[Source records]
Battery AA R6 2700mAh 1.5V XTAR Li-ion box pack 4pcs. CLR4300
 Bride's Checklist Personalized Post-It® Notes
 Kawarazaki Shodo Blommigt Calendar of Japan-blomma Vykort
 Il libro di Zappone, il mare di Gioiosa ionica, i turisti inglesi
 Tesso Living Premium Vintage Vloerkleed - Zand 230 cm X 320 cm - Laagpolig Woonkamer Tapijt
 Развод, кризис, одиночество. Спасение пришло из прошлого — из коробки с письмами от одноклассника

[WHAT YOU WILL DO] Each entry must be printed again exactly as given.

[SOLUTION]
Battery AA R6 2700mAh 1.5V XTAR Li-ion box pack 4pcs. CLR4300
 Bride's Checklist Personalized Post-It® Notes
 Kawarazaki Shodo Blommigt Calendar of Japan-blomma Vykort
 Il libro di Zappone, il mare di Gioiosa ionica, i turisti inglesi
 Tesso Living Premium Vintage Vloerkleed - Zand 230 cm X 320 cm - Laagpolig Woonkamer Tapijt
 Развод, кризис, одиночество. Спасение пришло из прошлого — из коробки с письмами от одноклассника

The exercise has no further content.